Alejandro se hizo arquitecto en 1980, después de superar con nota un proyecto fin de carrera en el que ideó una escuela de bellas artes junto a las Torres de Serrano. Ya tenía a su mujer, Aurora, como pareja.

«No había trabajo, casi como ahora», asegura Ybarra. Regresó a Huesca a reencontrase con la nieve, con el esquí; coqueteando con sus ideas y los ladrillos. Una mañana se enteró de que el Ministerio de Hacienda había convocado tres plazas de arquitecto para revisar el catastro en la provincia de Alicante.

Aquí se plantó en 1983. Trabajó de casa en casa para actualizar el mapa catastral durante siete años para el fisco. Pero en 1991, después de años como estudioso opositor, consiguió la plaza de arquitecto municipal, en tiempos del socialista José Luis Lassaletta, que, pronto, le encargó el diseño de la plaza del Teatro Principal, edificio sumido en lentas obras y que, al fin, en 1992, inauguró la Reina Sofía.

Alicante recuperó su teatro y Alejandro parió su primer sueño.

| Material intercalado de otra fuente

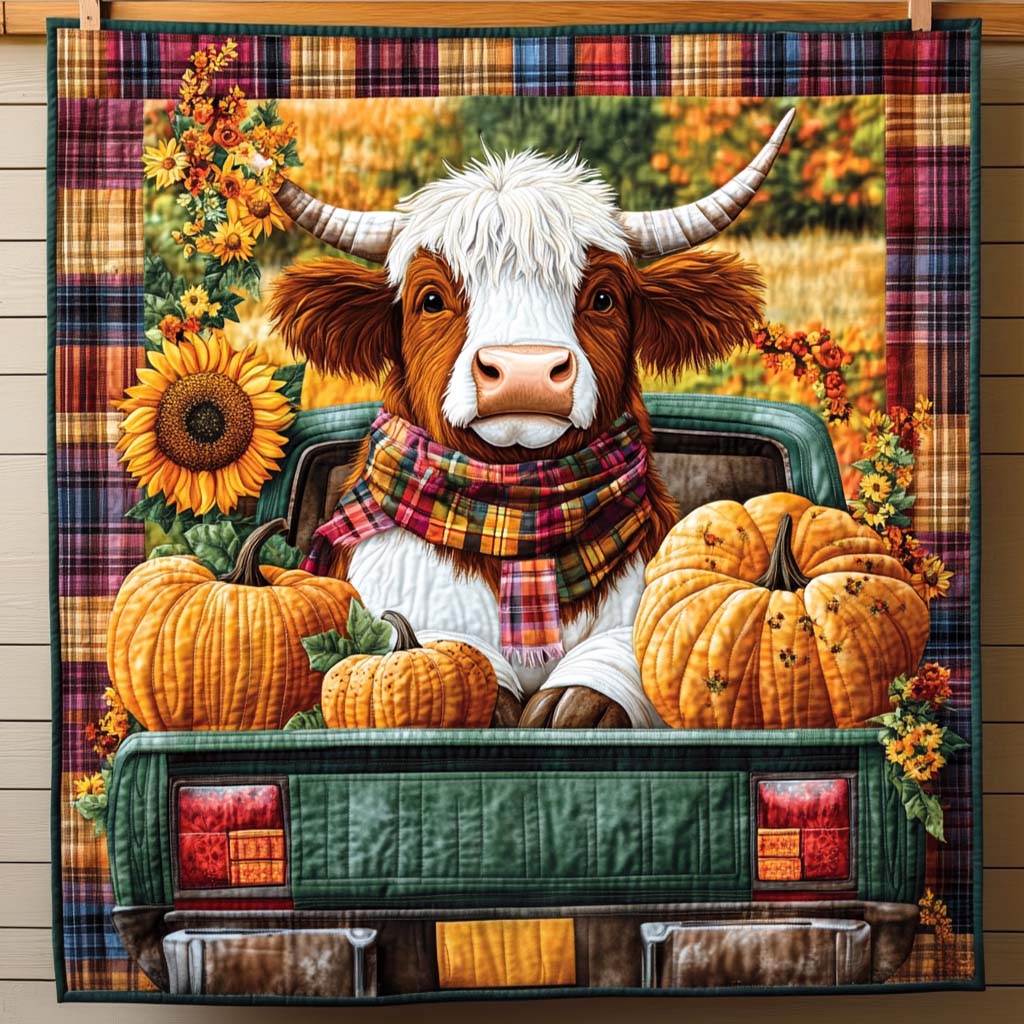 Autumn Harvest Ride Quilted Blanket - Throw (55" x 60")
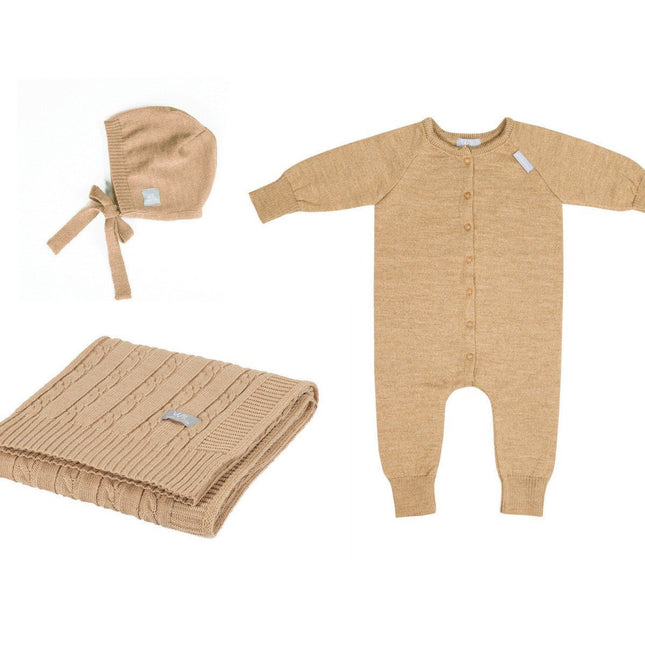 The JOY Newborn Gift Set - 100% Natural Merino Wool - Romper, Bonnet and Blanket - LoveStyle World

Más tarde trazó el proyecto del pabellón de servicios de la playa de El Postiguet, un chiringuito sensible situado entre el agua de su tejado y la arena que lo acaricia.

Dedicado a la conservación de inmuebles, el alcalde Luis Díaz Alperi (PP) le encargó esbozar la peana de la Plaza de la Estrella, donde se levanta la escultura así llamada por su creador, Eusebi Sempere. También fue el creador del Acuario de la Plaza Nueva, al que falló el pasado verano la máquina de refrigeración. Regresó al papeleo hasta que se hartó. Trabajó como independiente, en la calle. Así estuvo durante un lustro. Fue directivo del Colegio de Arquitectos de Alicante y secretario de sus colegas en el ámbito autonómico. Demasiados aburridos viajes en tren hasta que se hizo con una tableta que le propuso pensar, dibujar y colorear. Enloqueció con la idea: dibujar paisajes y personas.

Lleva cinco años pegado a una tableta. Satisfecho de su obra, enseña sus dibujos con sonrisas: paisajes de su tierra y de aquí, de personajes públicos, de políticos y deportistas. Y tiene un trocito de su computadora y sensibilidad para despedir a los muertos con obituarios coloreados, como los que ha dedicado a Santiago Carrillo y a José Antonio Labordeta, entre otros.

Así es Alejandro, que en la imagen aparece con su perro Coque. En la web «dibujandro.es» queda todo lo demás.